What we see right now is that a lot of developers choose to build single-page applications without thinking about the costs and tradeoffs. Single-page applications take a lot more effort to develop because additionally to handling the application state in your backend, you also need to do all of the state handling at the client. Obviously, this leads to a lot more code. And therefore more code to maintain. This leads to a lot more bugs and slowed down application development.

In our experience, many applications built right now as an SPA could be built faster and more stable as a server-side rendered application. The recently launched hey.com is a great example: the application is very interactive, yet it’s not a single-page app.

When you have a specific part of your application that is very dynamic and cannot be implemented as a server-rendered application, you can still build a small encapsulated SPA just for that specific page. This hybrid approach has worked very well for us and we believe that this is the way forward in building great web applications.

InfoQ: Which advantage does Haskell bring to the web development, in your experience?

Scholten: In practice the biggest advantage of Haskell is type-safety. Compared to e.g. NodeJS, this results in significantly fewer bugs per LOC. We practically have no runtime errors. And when it’s time to make big changes, you can easily refactor your Haskell application without breaking anything. This helps a lot when you are building new features at a fast pace. We evolved from moving fast and breaking things to just moving fast.

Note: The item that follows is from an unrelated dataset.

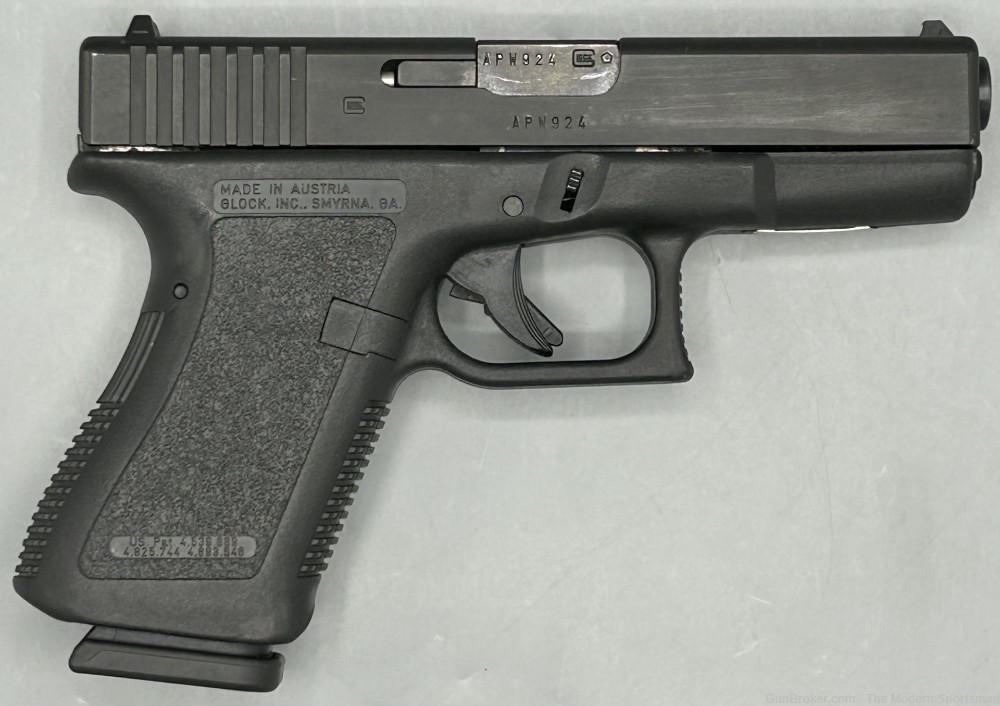 GLOCK 19 Gen 2 9mm Luger 4.02" G19 Gen2 15+1 Black Safe Action Pistol 9x19-img-2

Many programming language ecosystems are moving into the direction of more type-safety, e.g. with TypeScript or the recent developments in the PHP world. We have worked with a lot of different technologies, and nothing really compares to Haskell in this aspect.

InfoQ: What is IHP level of maturity and production-readiness?

Scholten: IHP is already used in production by digitally induced and our partners. The overall application architecture of IHP has been refined in many iterations before we have open-sourced the framework. Additionally, IHP is built on top of battle-tested Haskell libraries, such as the warp web server. Therefore you can expect this to be pretty stable and scalable for large projects already.

IHP has been described as Haskell on Rails by Haskell engineer Matt Parsons on Twitter. While criticizing a few design decisions in IHP, Parsons considers it a useful endeavour:

It's fresh energy in the ecosystem with a strong focus on developer experience. It's a Rails port, which we don't have and we could definitely use. It opens the door for Haskell in other places.

IHP is available on most operating systems, including macOS, Linux variants, and Windows via its Linux Subsystem. You can get it on GitHub.